### [Data segment]

#####

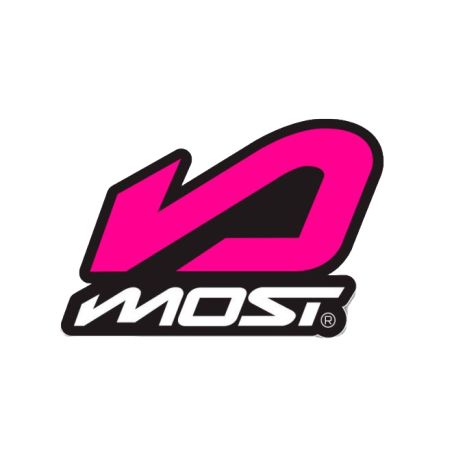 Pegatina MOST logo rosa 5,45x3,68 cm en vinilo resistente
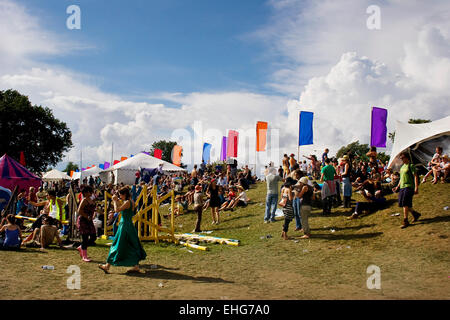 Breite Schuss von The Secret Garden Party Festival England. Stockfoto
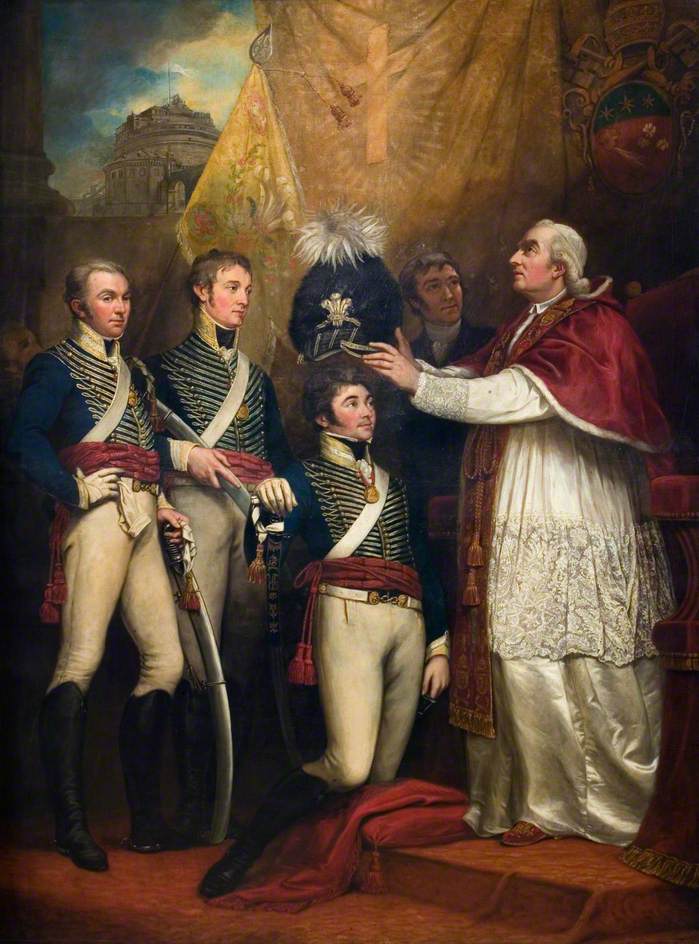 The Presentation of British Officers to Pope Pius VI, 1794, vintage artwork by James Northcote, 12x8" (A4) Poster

#####

### [What to do]
Omit the pictures and print the listing exactly.

### [Answer to the exercise]
 Pegatina MOST logo rosa 5,45x3,68 cm en vinilo resistente
 Breite Schuss von The Secret Garden Party Festival England. Stockfoto
 The Presentation of British Officers to Pope Pius VI, 1794, vintage artwork by James Northcote, 12x8" (A4) Poster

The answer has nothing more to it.